*Task description:*
Write out, exactly and only, the lines that run from the top of the records to the line with "Used 2021 Lexus". Include both ends; exclude pictures.

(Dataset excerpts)
* * * *
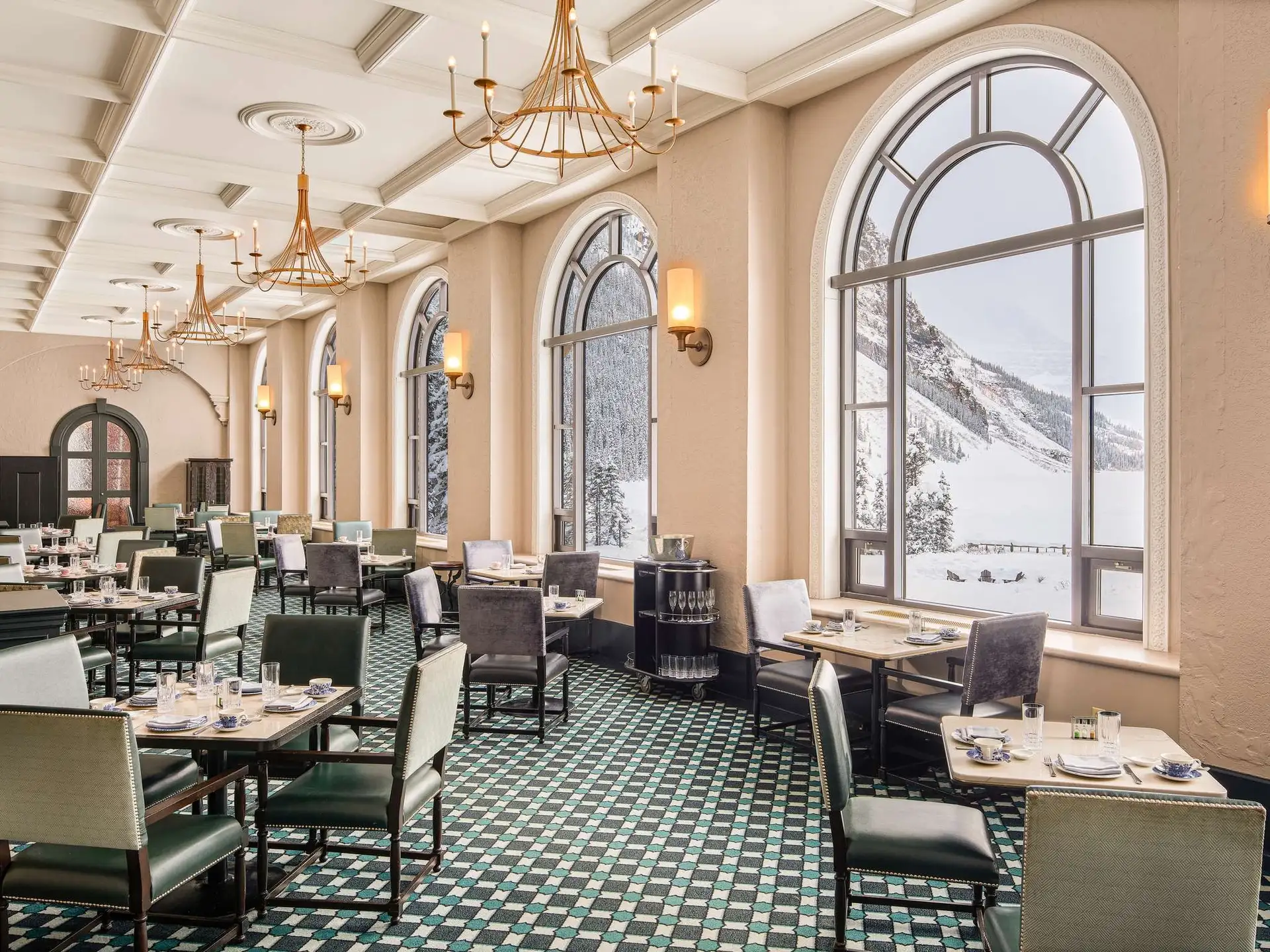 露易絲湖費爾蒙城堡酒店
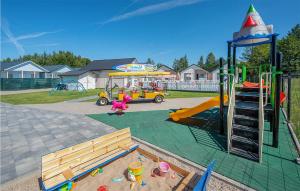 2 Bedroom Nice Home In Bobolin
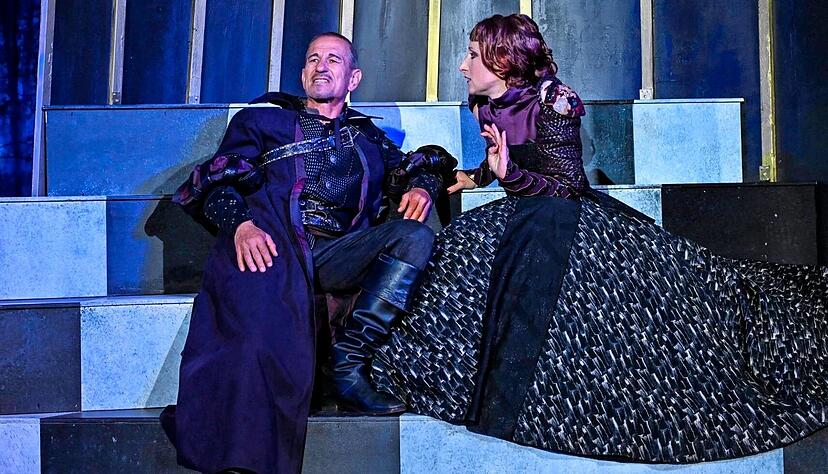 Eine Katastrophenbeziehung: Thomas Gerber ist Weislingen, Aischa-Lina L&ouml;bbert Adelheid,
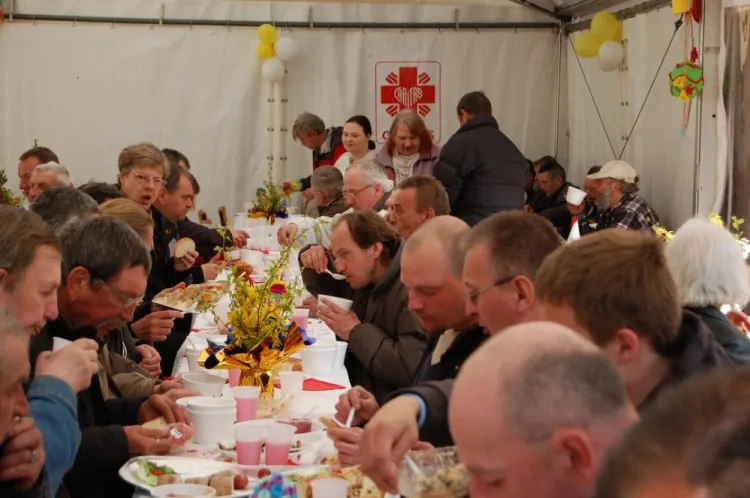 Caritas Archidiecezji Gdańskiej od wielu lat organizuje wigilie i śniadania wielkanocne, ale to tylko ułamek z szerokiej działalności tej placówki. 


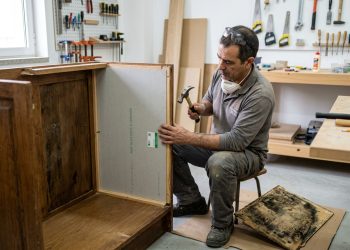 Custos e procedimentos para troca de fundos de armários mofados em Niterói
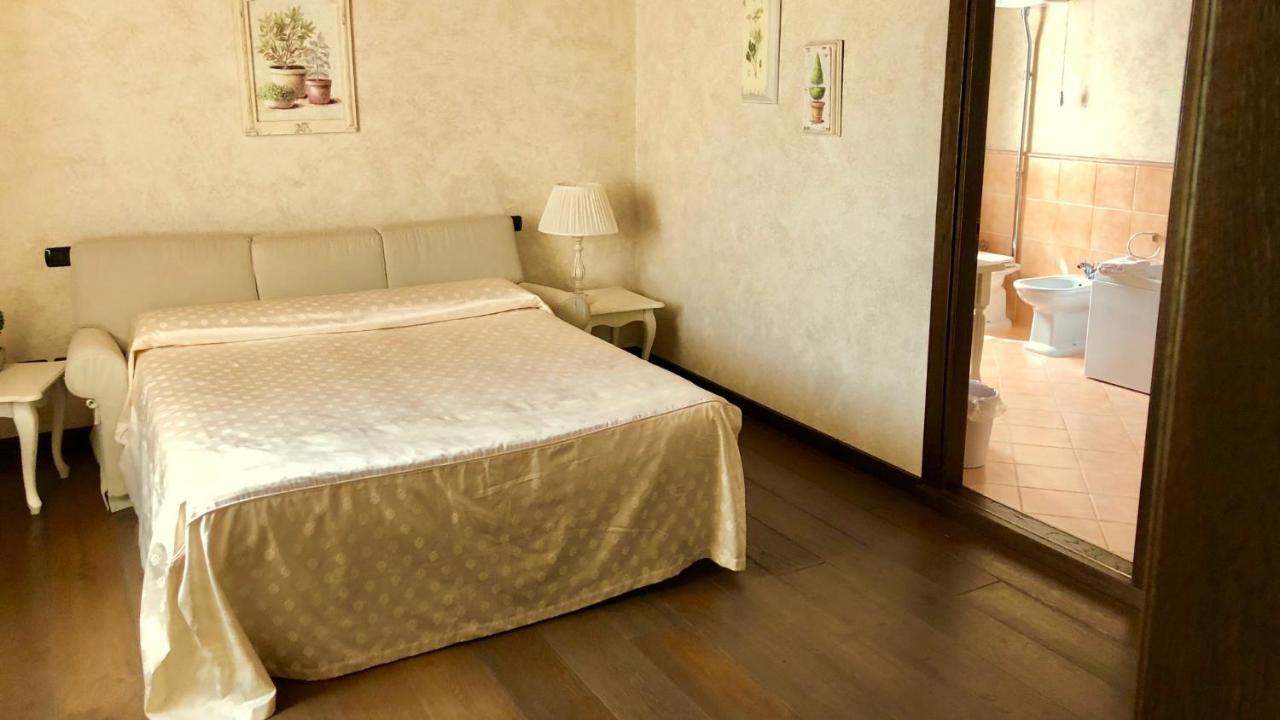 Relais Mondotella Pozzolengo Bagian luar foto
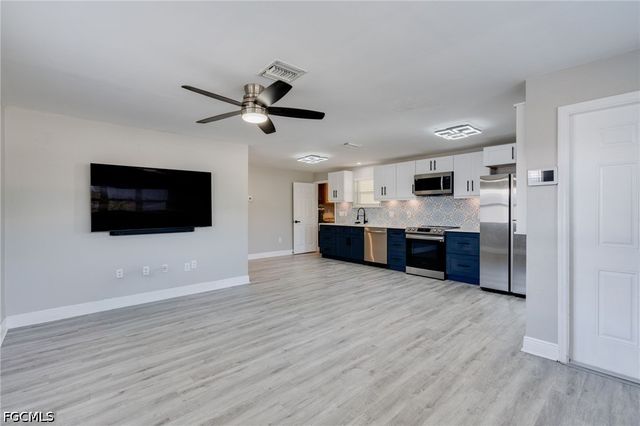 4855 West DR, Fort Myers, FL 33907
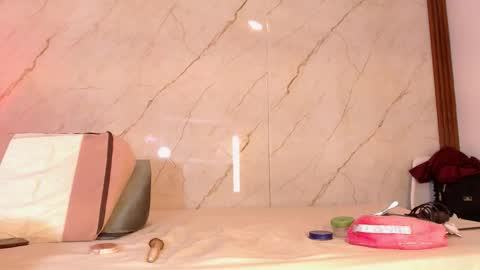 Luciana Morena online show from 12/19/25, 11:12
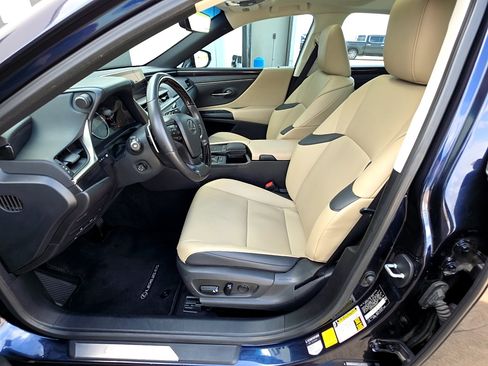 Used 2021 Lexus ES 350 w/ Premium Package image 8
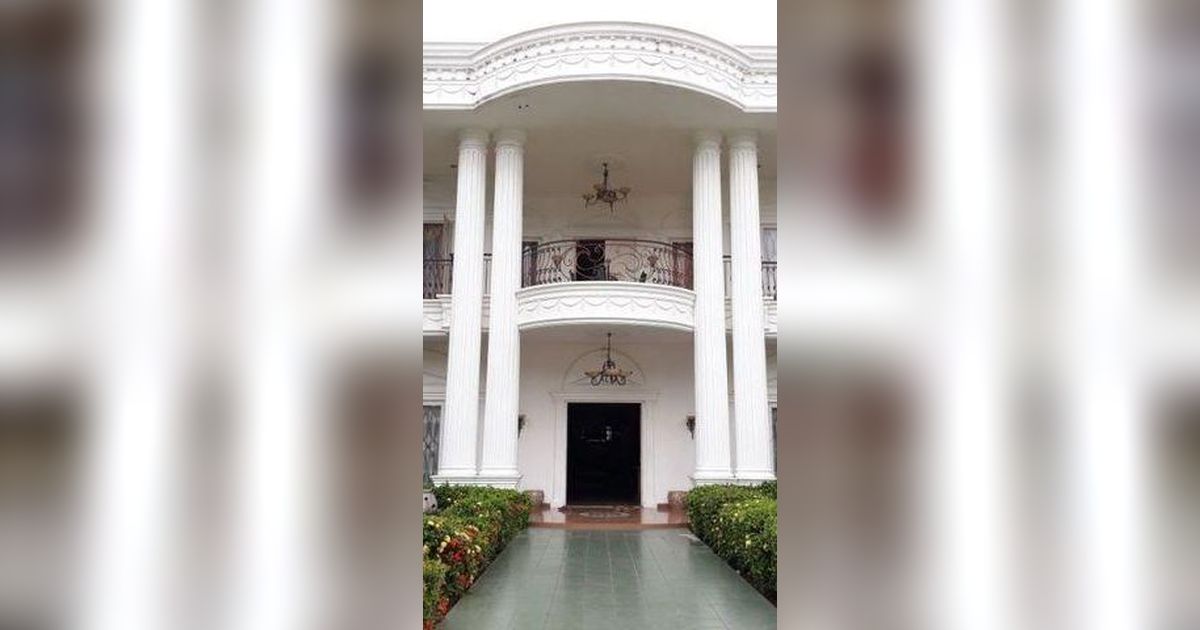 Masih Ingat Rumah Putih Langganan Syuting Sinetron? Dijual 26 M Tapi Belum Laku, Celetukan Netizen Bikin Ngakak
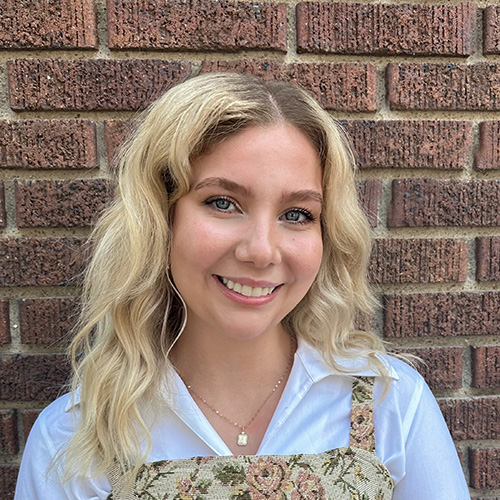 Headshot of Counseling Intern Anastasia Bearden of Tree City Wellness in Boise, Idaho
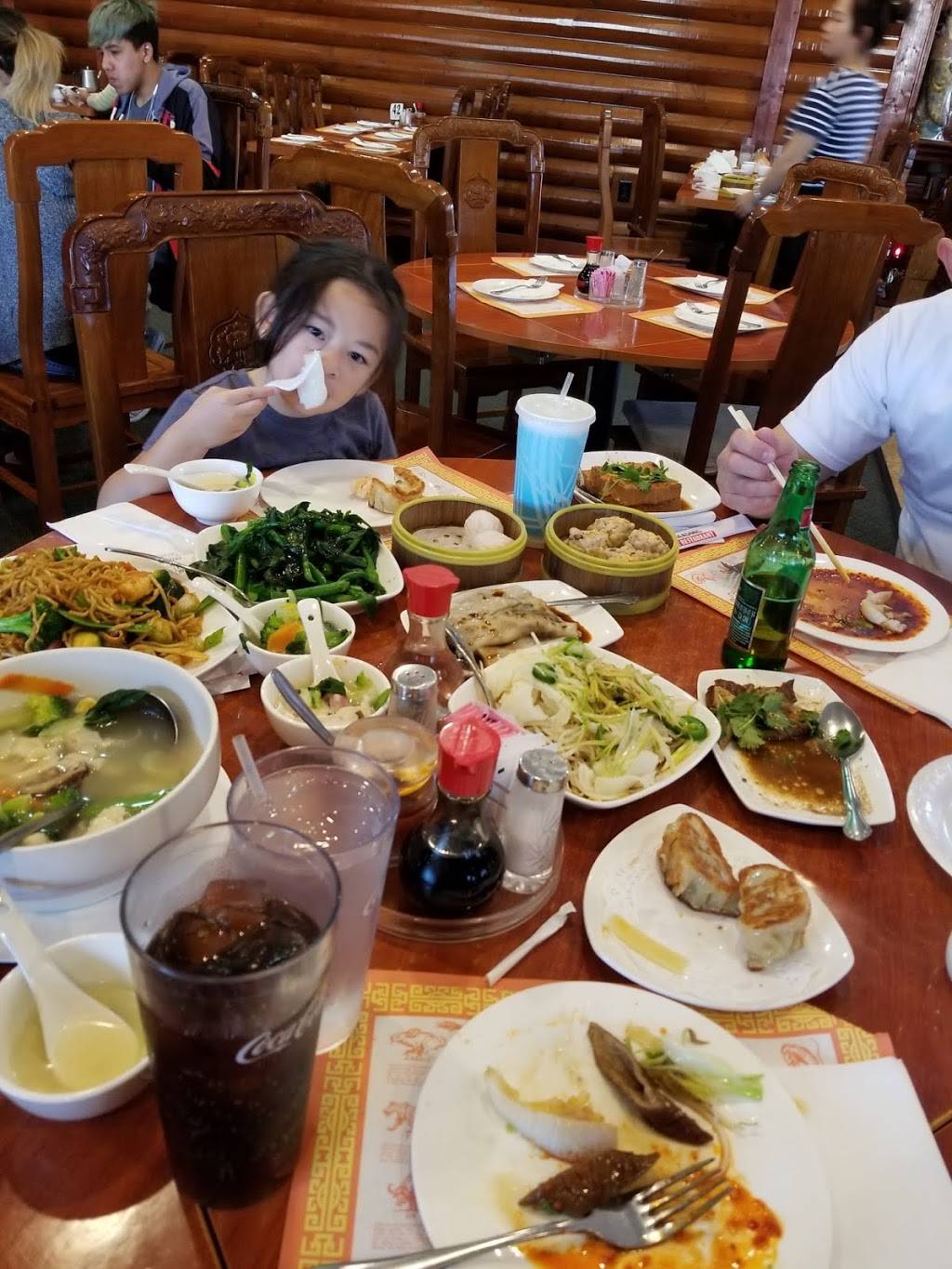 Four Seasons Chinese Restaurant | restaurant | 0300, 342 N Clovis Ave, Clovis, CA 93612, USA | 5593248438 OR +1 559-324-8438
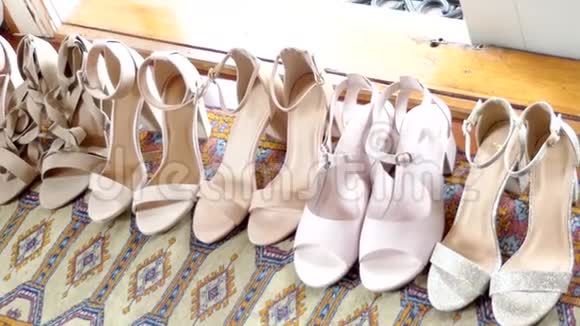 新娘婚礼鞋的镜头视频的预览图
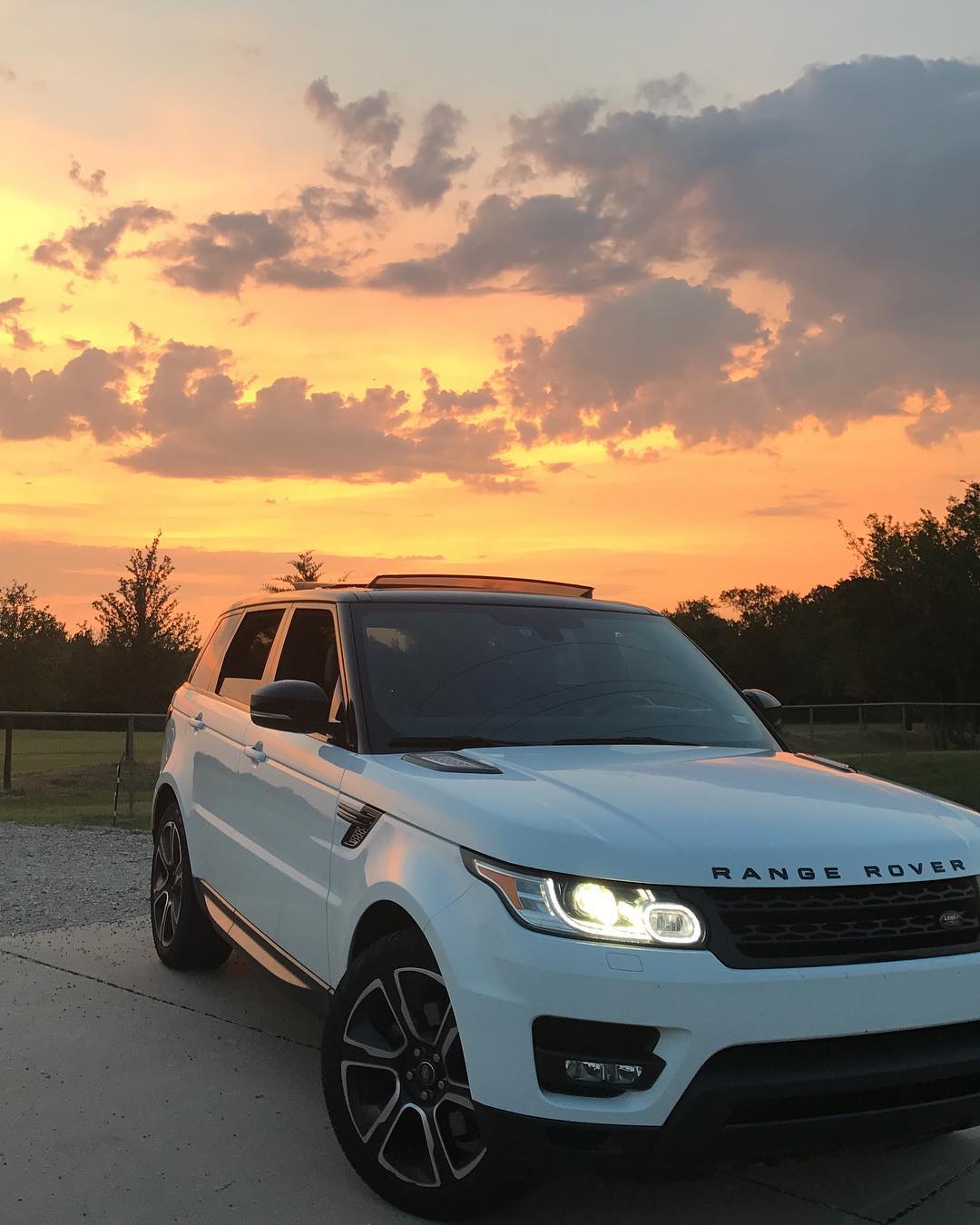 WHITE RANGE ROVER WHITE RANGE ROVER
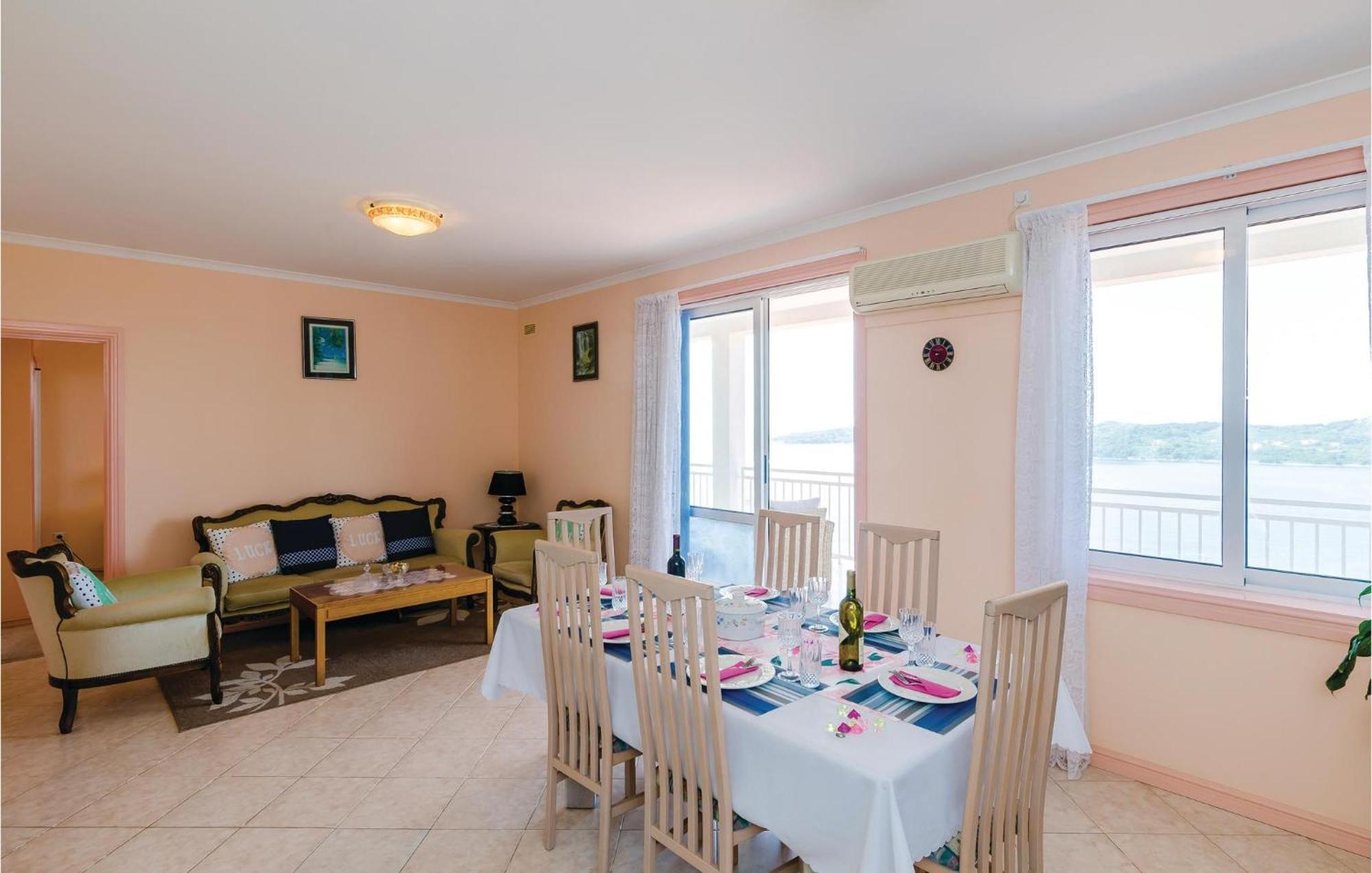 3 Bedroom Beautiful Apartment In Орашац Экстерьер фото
* * * *
*Answer box:*
 露易絲湖費爾蒙城堡酒店
 2 Bedroom Nice Home In Bobolin
 Eine Katastrophenbeziehung: Thomas Gerber ist Weislingen, Aischa-Lina L&ouml;bbert Adelheid,
 Caritas Archidiecezji Gdańskiej od wielu lat organizuje wigilie i śniadania wielkanocne, ale to tylko ułamek z szerokiej działalności tej placówki. 


 Custos e procedimentos para troca de fundos de armários mofados em Niterói
 Relais Mondotella Pozzolengo Bagian luar foto
 4855 West DR, Fort Myers, FL 33907
 Luciana Morena online show from 12/19/25, 11:12
 Used 2021 Lexus ES 350 w/ Premium Package image 8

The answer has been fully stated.